ABOUT THIS TASK:
Where the line with "Tovolo Rose Ice" appears below, start writing out lines exactly, and finish with the line with "Photo 1 of YELLOW***", which is included; write out nothing else.

━━━━━ DATA SECTION ━━━━━

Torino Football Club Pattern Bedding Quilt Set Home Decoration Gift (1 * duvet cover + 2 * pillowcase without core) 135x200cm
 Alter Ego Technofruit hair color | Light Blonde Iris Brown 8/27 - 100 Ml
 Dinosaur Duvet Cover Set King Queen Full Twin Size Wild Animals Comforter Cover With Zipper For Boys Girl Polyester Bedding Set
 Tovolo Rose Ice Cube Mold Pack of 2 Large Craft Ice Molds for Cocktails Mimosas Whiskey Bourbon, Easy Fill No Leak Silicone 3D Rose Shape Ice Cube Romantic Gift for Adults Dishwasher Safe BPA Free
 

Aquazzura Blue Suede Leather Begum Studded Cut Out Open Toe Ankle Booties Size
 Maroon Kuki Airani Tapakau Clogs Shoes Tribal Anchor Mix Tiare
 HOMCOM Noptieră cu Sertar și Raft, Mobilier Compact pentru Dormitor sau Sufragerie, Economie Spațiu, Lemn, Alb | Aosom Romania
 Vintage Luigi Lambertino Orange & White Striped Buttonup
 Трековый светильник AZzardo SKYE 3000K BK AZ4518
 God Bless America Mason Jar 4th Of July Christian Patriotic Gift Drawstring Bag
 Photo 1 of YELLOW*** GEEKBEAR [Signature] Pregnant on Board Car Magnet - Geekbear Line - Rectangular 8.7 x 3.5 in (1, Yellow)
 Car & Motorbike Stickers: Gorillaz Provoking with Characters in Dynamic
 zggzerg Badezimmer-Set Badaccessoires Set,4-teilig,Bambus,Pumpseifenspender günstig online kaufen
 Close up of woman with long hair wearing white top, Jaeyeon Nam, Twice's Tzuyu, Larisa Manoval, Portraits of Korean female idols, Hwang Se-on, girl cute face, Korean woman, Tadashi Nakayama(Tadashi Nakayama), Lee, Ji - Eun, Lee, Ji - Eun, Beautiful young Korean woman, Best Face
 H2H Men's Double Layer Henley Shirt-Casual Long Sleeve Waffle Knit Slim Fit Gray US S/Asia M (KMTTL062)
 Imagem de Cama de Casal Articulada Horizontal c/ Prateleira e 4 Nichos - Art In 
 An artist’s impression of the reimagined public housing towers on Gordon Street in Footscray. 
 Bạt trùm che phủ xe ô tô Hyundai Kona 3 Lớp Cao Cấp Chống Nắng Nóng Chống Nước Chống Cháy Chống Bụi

━━━━━

RESPONSE FOR THIS EXERCISE:
 Tovolo Rose Ice Cube Mold Pack of 2 Large Craft Ice Molds for Cocktails Mimosas Whiskey Bourbon, Easy Fill No Leak Silicone 3D Rose Shape Ice Cube Romantic Gift for Adults Dishwasher Safe BPA Free
 

Aquazzura Blue Suede Leather Begum Studded Cut Out Open Toe Ankle Booties Size
 Maroon Kuki Airani Tapakau Clogs Shoes Tribal Anchor Mix Tiare
 HOMCOM Noptieră cu Sertar și Raft, Mobilier Compact pentru Dormitor sau Sufragerie, Economie Spațiu, Lemn, Alb | Aosom Romania
 Vintage Luigi Lambertino Orange & White Striped Buttonup
 Трековый светильник AZzardo SKYE 3000K BK AZ4518
 God Bless America Mason Jar 4th Of July Christian Patriotic Gift Drawstring Bag
 Photo 1 of YELLOW*** GEEKBEAR [Signature] Pregnant on Board Car Magnet - Geekbear Line - Rectangular 8.7 x 3.5 in (1, Yellow)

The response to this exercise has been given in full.